§ **Aim of the exercise**: With pictures left out, write out exactly every line from the start of the data through the one that contains "Vintage guess collection".

(Captioned web images)

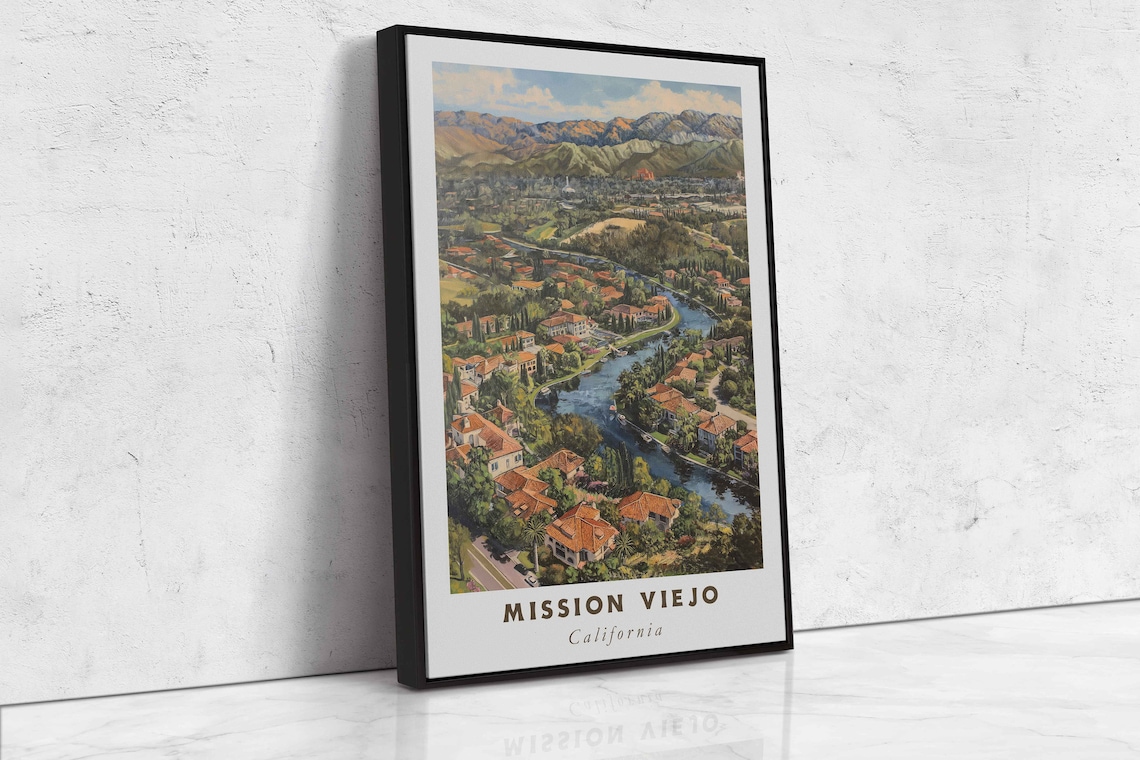 Mission Viejo California Lake And Mountain View Travel Poster - Image 2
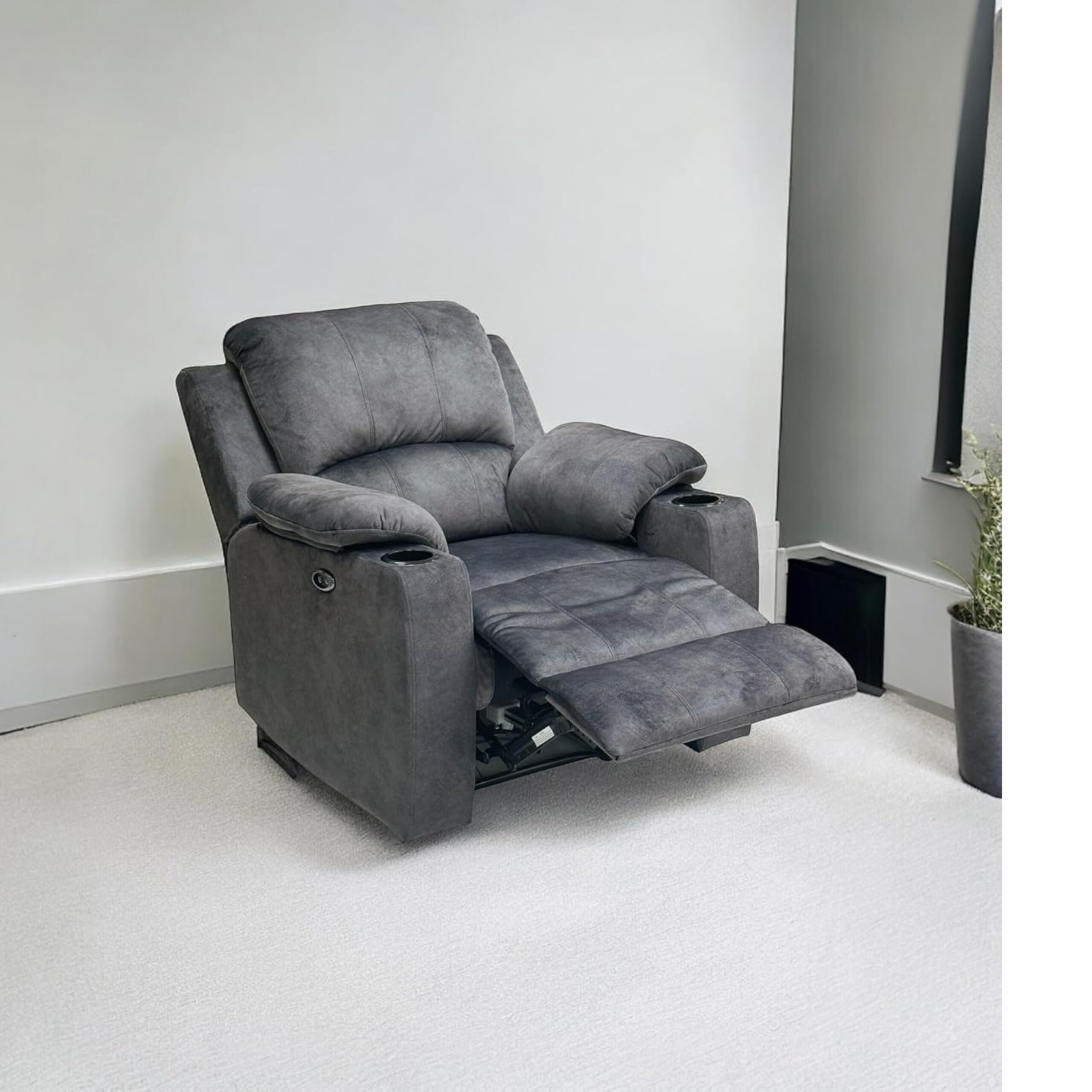 Cenova Recliner Electrical Power Recliner Sofa Faux Leather Recliner Good Comfort Open And Close Single Recliner Sofa Grey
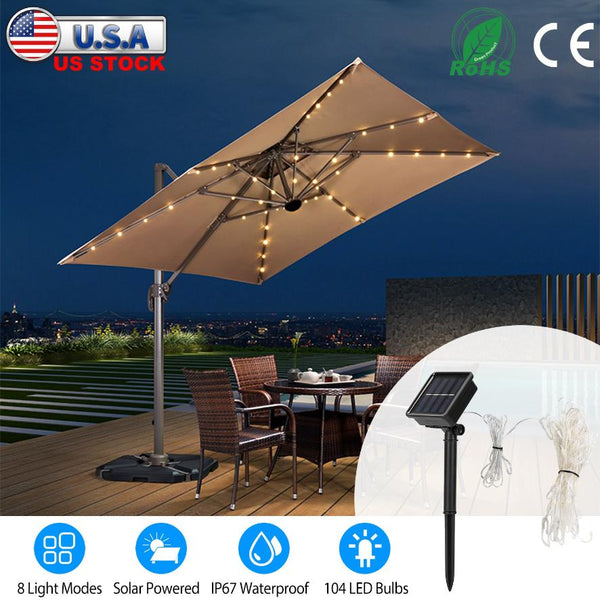 Solar String Lights for Umbrella Outdoor Parasol Waterproof 104 LED Warm White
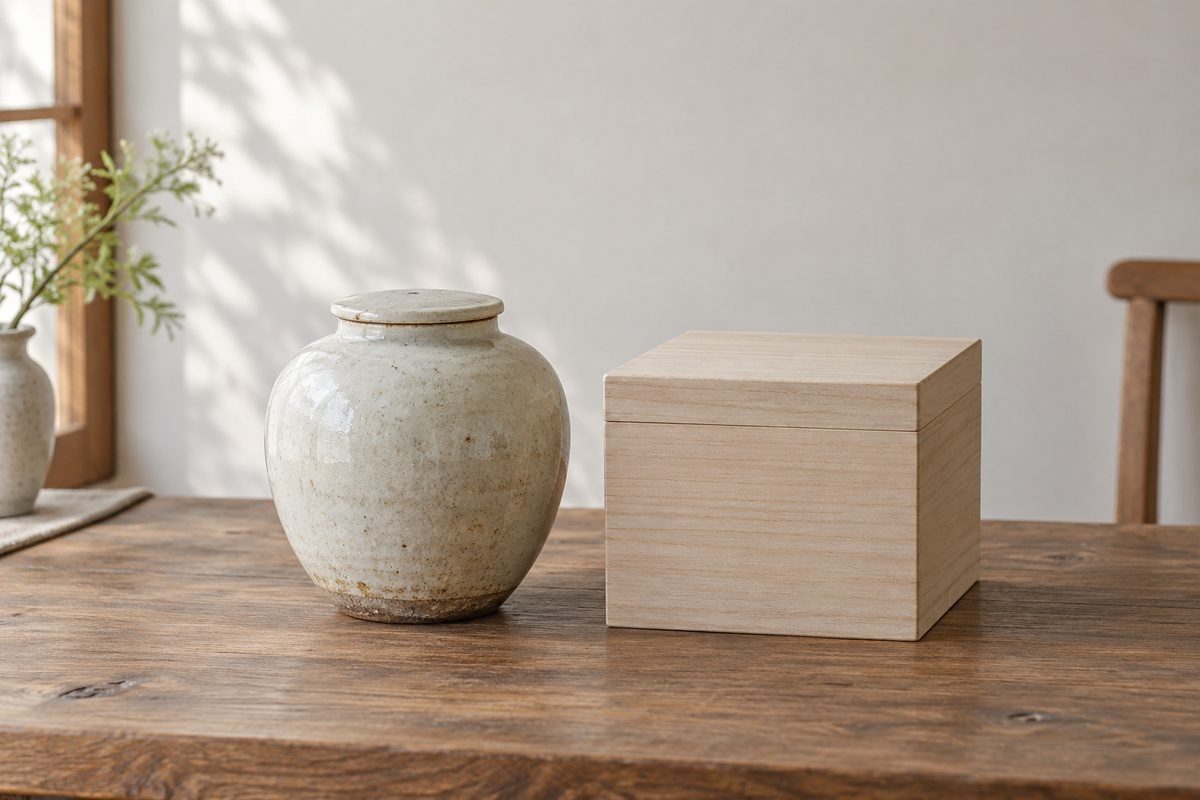 木の机に置いた古い陶磁器の壺と桐の箱、柔らかな自然光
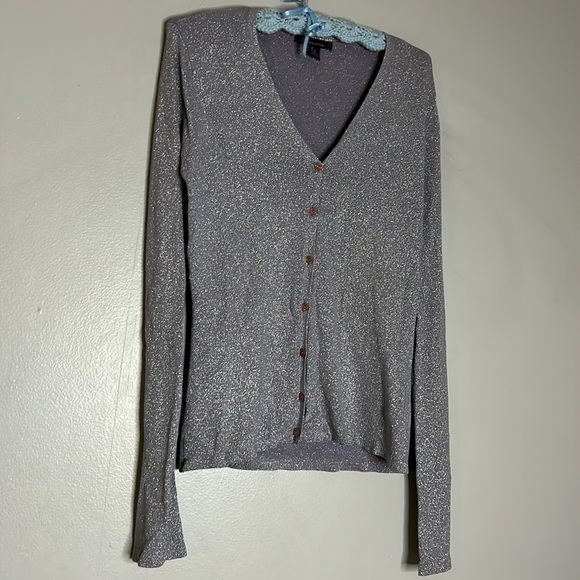 Vintage guess collection metallic lavender small V-neck cardigan women’s small - Picture 1 of 9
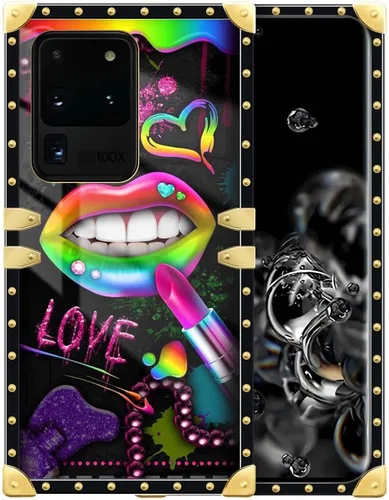 Vista 138 de Funda compatible con Samsung Galaxy S10 4G, TPU suave de lujo y parte trasera de policarbonato duro para niñas y mujeres, funda protectora a prueba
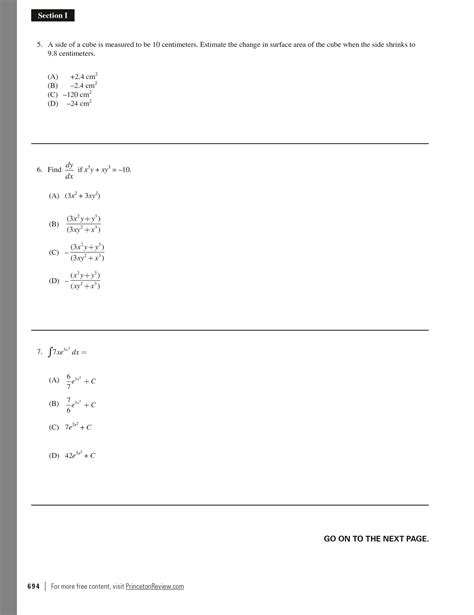 Extended Ebook Content For Cracking The Ap Calculus Ab Exam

§ **Your solution**:
 Mission Viejo California Lake And Mountain View Travel Poster - Image 2
 Cenova Recliner Electrical Power Recliner Sofa Faux Leather Recliner Good Comfort Open And Close Single Recliner Sofa Grey
 Solar String Lights for Umbrella Outdoor Parasol Waterproof 104 LED Warm White
 木の机に置いた古い陶磁器の壺と桐の箱、柔らかな自然光
 Vintage guess collection metallic lavender small V-neck cardigan women’s small - Picture 1 of 9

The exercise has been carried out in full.